* EXERCISE DETAILS
Go through the records and give each one again exactly, omitting the images.

*** Begin section ***

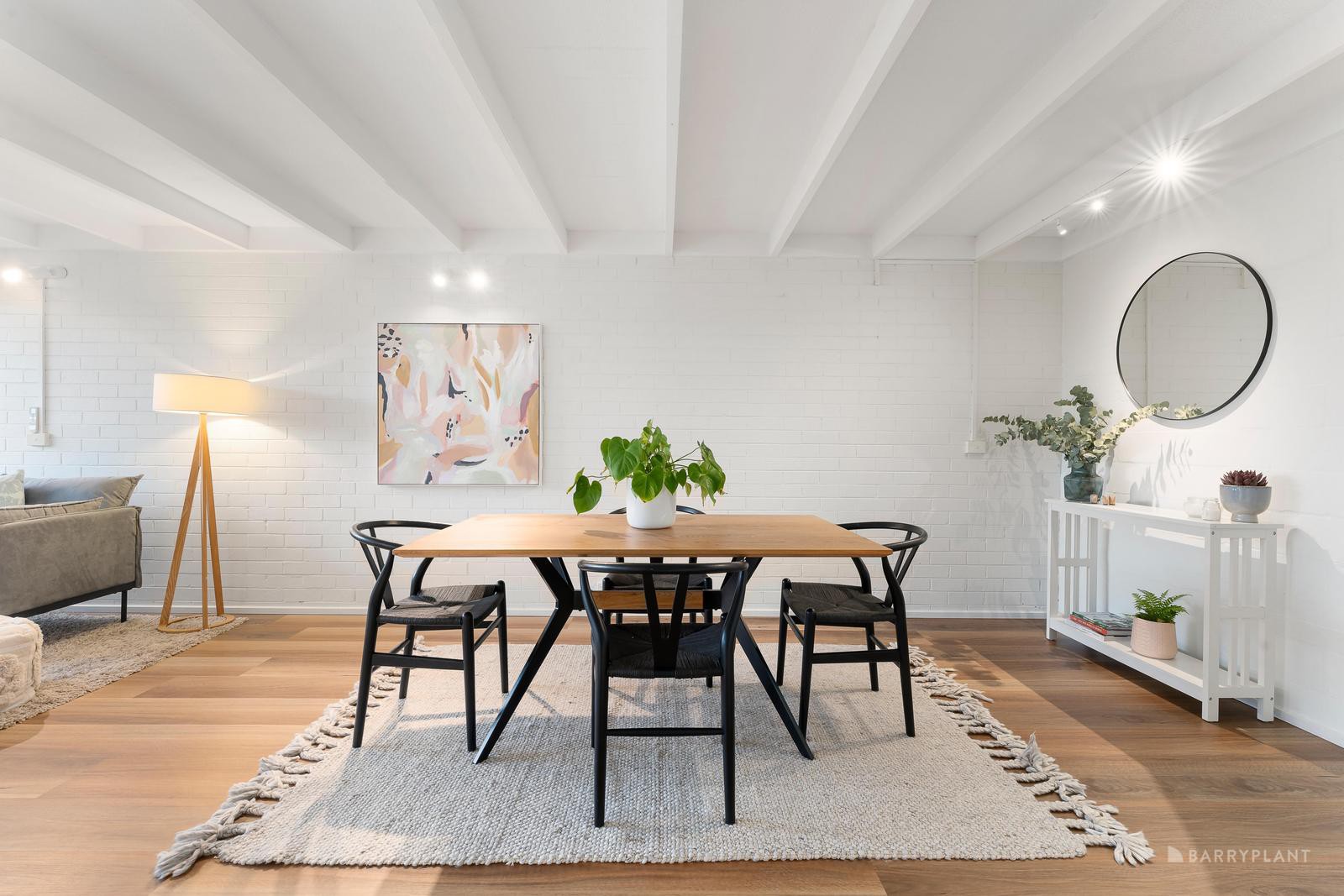 12/10-16 White Street, Glen Iris, VIC 3146, Glen Iris - Thumbnail 4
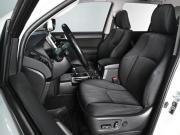 Toyota Land Cruiser Prado 150 Series Рестайлинг 3 Ростов-на-Дону  - изображение 29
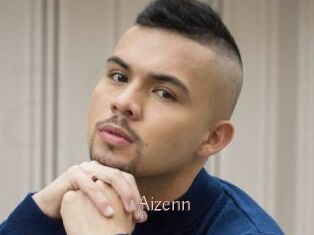 Aizenn
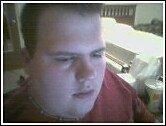 James Gentry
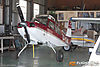 IMG_5890m_800.jpg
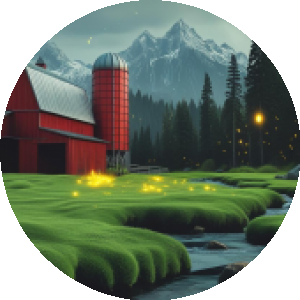 BioLink profile picture for @pestilence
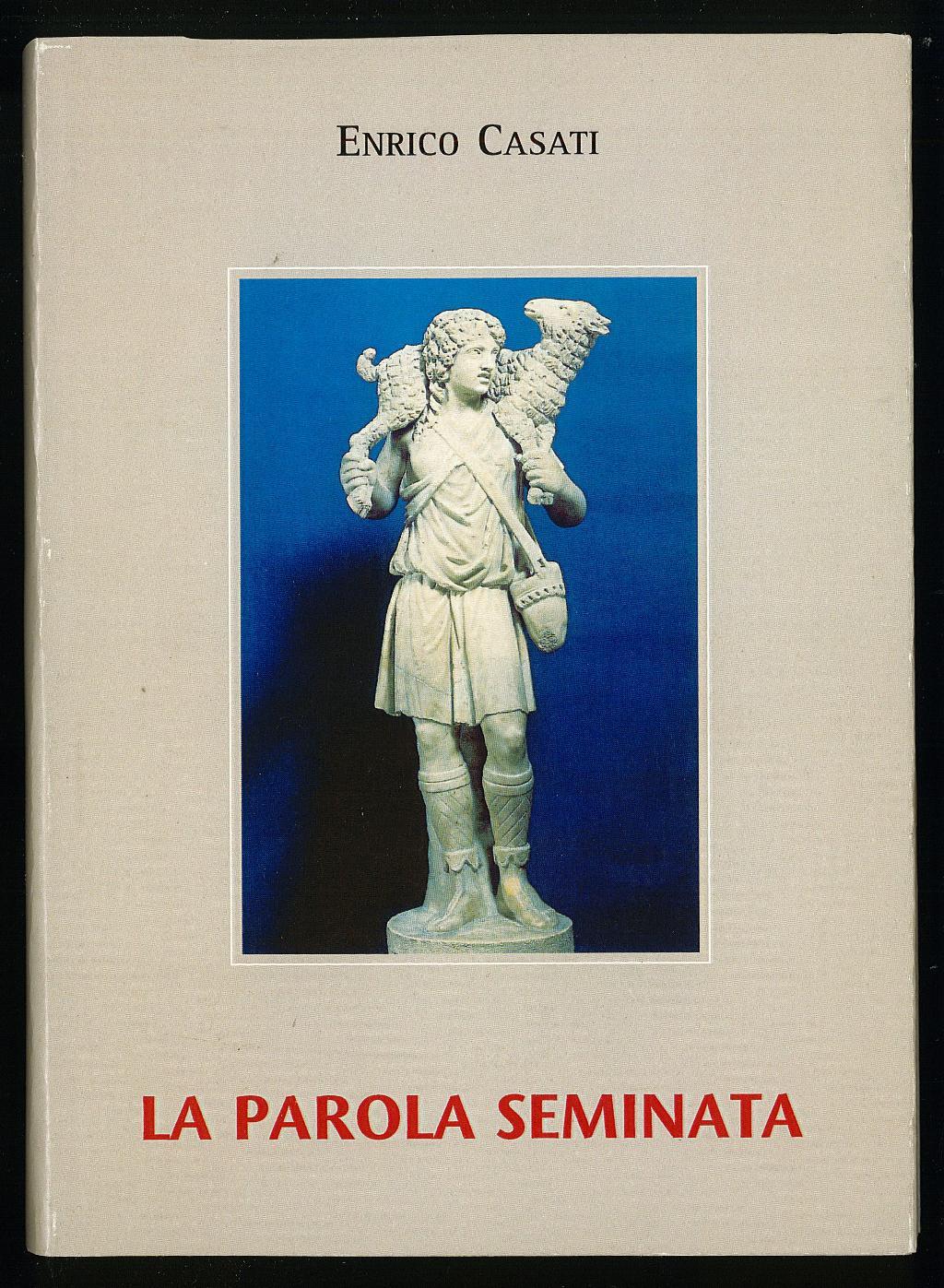 Libreria Trippini Sergio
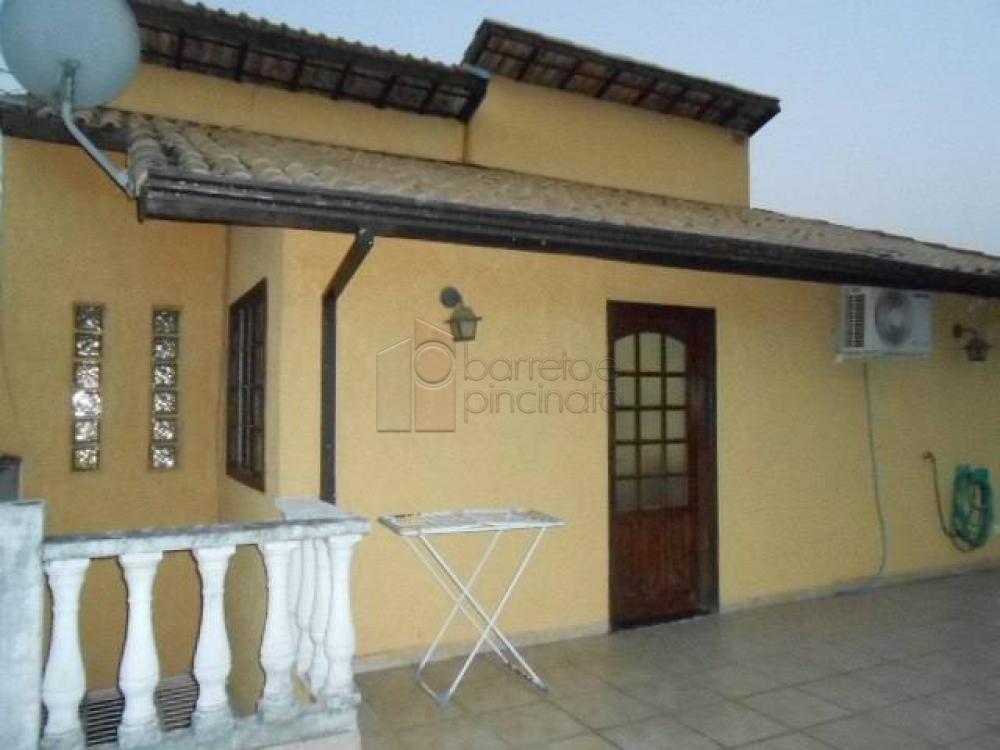 Alugar Casa / Condomínio em Jundiaí R$ 5.000,00 - Foto 26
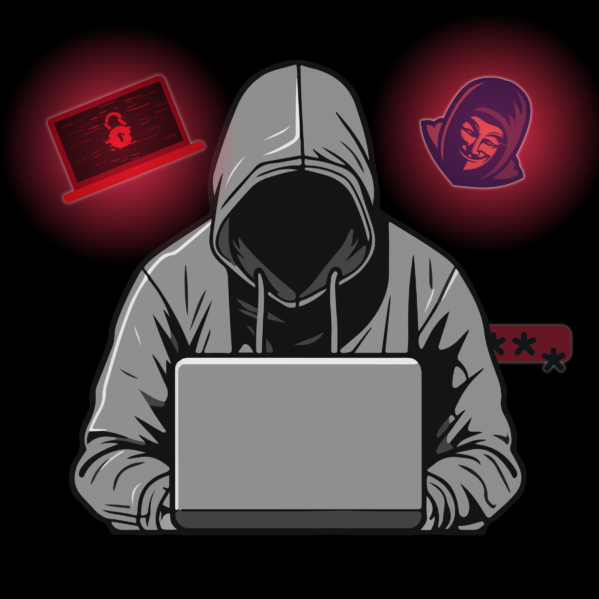 Product covers - 23 Product covers - 23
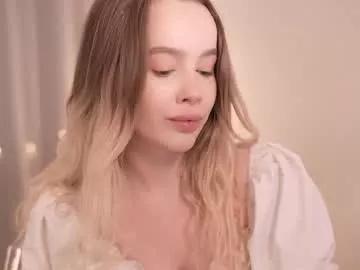 Photos of mother__of__dragons from Chaturbate is Freechat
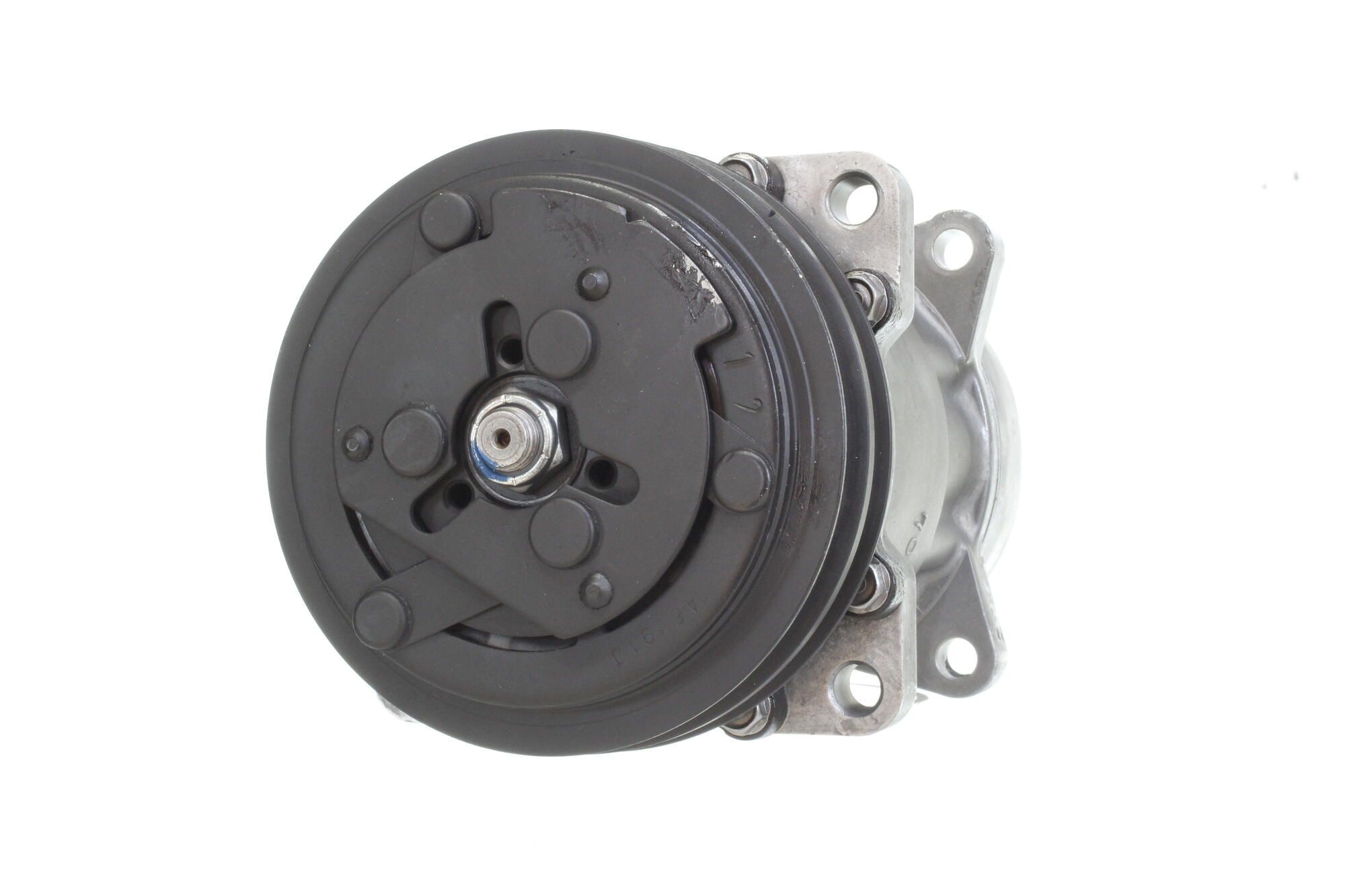 ALANKO Air conditioning compressor Article number: 10550012 cheaply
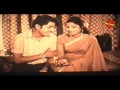 Raga Sangama Full Kannada Movie Family Drama C V Shiv Shankar Upload 2016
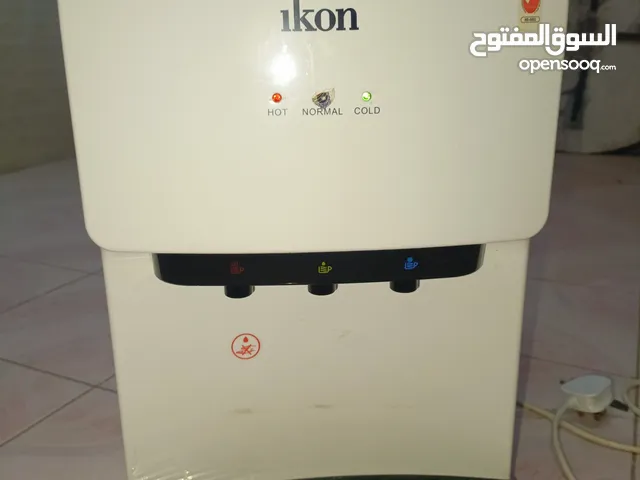 Water Coolers for sale in Northern Governorate
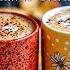 Positive Energy Coffee Happy Autumn Bossa Nova Jazz Elegant Coffee Music For Better Mood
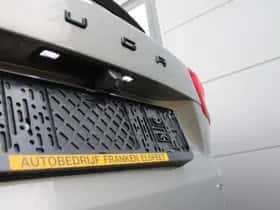 Ford Kuga (2025) thumbnail 13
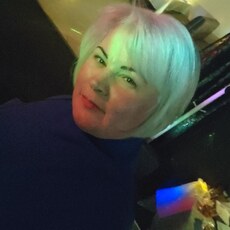 Фотография девушки Мария, 47 лет из г. Подольск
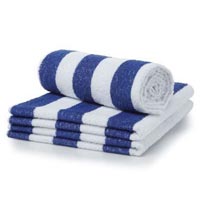 Pool Towel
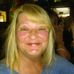 Erika Weil - Facebook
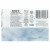 Kirk's, Gentle Castile Soap Bar, Original Fresh Scent, 3 Bars, 4 oz (113 g) Each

*** End section ***

* REPLY
 12/10-16 White Street, Glen Iris, VIC 3146, Glen Iris - Thumbnail 4
 Toyota Land Cruiser Prado 150 Series Рестайлинг 3 Ростов-на-Дону  - изображение 29
 Aizenn
 James Gentry
 IMG_5890m_800.jpg
 BioLink profile picture for @pestilence
 Libreria Trippini Sergio
 Alugar Casa / Condomínio em Jundiaí R$ 5.000,00 - Foto 26
 Product covers - 23 Product covers - 23
 Photos of mother__of__dragons from Chaturbate is Freechat
 ALANKO Air conditioning compressor Article number: 10550012 cheaply
 Raga Sangama Full Kannada Movie Family Drama C V Shiv Shankar Upload 2016
 Water Coolers for sale in Northern Governorate
 Positive Energy Coffee Happy Autumn Bossa Nova Jazz Elegant Coffee Music For Better Mood
 Ford Kuga (2025) thumbnail 13
 Фотография девушки Мария, 47 лет из г. Подольск
 Pool Towel
 Erika Weil - Facebook
 Kirk's, Gentle Castile Soap Bar, Original Fresh Scent, 3 Bars, 4 oz (113 g) Each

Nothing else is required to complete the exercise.